Re: Use Postgres as a column store by creating one table per column

Tomas Vondra <tomas.vondra@xxxxxxxxxxxxxxx> · Fri, 24 May 2019 20:06:29 +0200

On Thu, May 23, 2019 at 01:08:42AM -0400, George Neuner wrote:
On Tue, 21 May 2019 21:28:07 -0700, Lev Kokotov 
<lev.kokotov@xxxxxxxxx> wrote:

Is it efficient to use Postgres as a column store by creating one 
table per
column?

I would query it with something like `[...] UNION SELECT value AS <table>
FROM <table> WHERE value = <value> UNION [...]` to build a row.

I think you mean JOIN.

You'd need more than that: Postgresql uses MVCC for concurrency, so 
whenever you update any row in a table, the ordering of the rows 
within the table changes.  And the JOIN operation inherently is 
unordered - you need to sort the result deliberately to control 
ordering.

To emulate a column-store, at the very least you need a way to 
associate values from different "columns" that belong to the same 
"row" of the virtual table.  IOW, every value in every "column" needs 
an explicit "row" identifier.  E.g.,

   col1 = { rowid, value1 }, col2 = { rowid, value2 }, ...

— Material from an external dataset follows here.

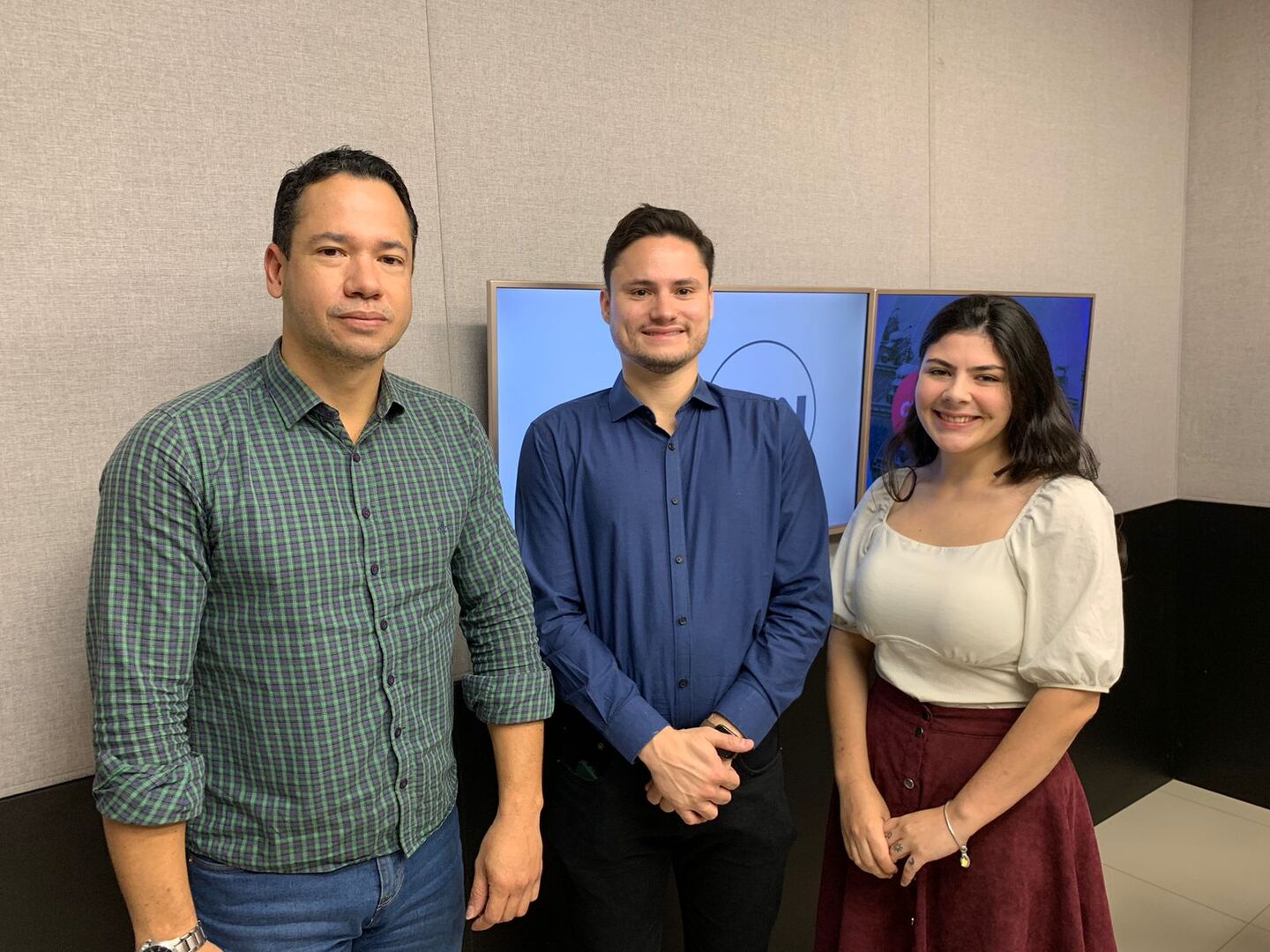 Fernando Garayo nos estúdios da Rádio CBN Campo Grande - Foto: CBN-CG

For performance you would need to have indexes on at least the rowid 
in each of the "column" tables.

This is a bare minimum and can only work if the columns of your 
virtual table and the queries against it are application controlled or 
statically known.  If you want to do something more flexible that will 
support ad hoc table modifications, elastically sized values (strings, 
bytes, arrays, JSON, XML), etc. this example is not suffice and the 
implementation can get very complicated very quickly

Justin Pryzby was not joking when he said the performance could be 
awful ... at least as compared to a more normal row-oriented 
structure.  Performance of a query that involves more than a handful 
of "columns", in general, will be horrible.  It is up to you to decide 
whether some (maybe little) increase in performance in processing 
*single* columns will offset likely MASSIVE loss of performance in 
processing multiple columns.

Maybe take a look at this paper:

   http://db.csail.mit.edu/projects/cstore/abadi-sigmod08.pdf

which essentially compares this approach to a "real" column store.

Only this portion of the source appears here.